---- Records provided

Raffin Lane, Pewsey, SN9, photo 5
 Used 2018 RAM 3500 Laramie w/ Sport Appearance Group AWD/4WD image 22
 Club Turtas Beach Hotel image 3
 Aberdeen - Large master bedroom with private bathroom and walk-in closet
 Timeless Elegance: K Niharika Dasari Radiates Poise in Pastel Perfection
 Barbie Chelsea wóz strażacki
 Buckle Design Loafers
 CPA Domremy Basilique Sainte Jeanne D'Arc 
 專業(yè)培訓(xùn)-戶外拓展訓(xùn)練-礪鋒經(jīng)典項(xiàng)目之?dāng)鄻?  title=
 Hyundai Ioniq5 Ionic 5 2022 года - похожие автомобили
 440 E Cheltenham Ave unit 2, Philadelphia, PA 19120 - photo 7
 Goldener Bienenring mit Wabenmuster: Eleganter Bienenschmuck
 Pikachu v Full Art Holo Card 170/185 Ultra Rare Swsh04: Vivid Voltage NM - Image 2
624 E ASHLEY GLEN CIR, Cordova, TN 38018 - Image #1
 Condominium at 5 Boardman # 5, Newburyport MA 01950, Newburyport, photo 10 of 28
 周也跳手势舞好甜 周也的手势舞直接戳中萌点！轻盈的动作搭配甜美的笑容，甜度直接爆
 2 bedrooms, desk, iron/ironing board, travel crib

--------

What is needed » In the entries above, find the line with "Timeless Elegance: K" and the line with "Pikachu v Full", then set down exactly those two and every line between them, nothing else.

Completed exercise »
 Timeless Elegance: K Niharika Dasari Radiates Poise in Pastel Perfection
 Barbie Chelsea wóz strażacki
 Buckle Design Loafers
 CPA Domremy Basilique Sainte Jeanne D'Arc 
 專業(yè)培訓(xùn)-戶外拓展訓(xùn)練-礪鋒經(jīng)典項(xiàng)目之?dāng)鄻?  title=
 Hyundai Ioniq5 Ionic 5 2022 года - похожие автомобили
 440 E Cheltenham Ave unit 2, Philadelphia, PA 19120 - photo 7
 Goldener Bienenring mit Wabenmuster: Eleganter Bienenschmuck
 Pikachu v Full Art Holo Card 170/185 Ultra Rare Swsh04: Vivid Voltage NM - Image 2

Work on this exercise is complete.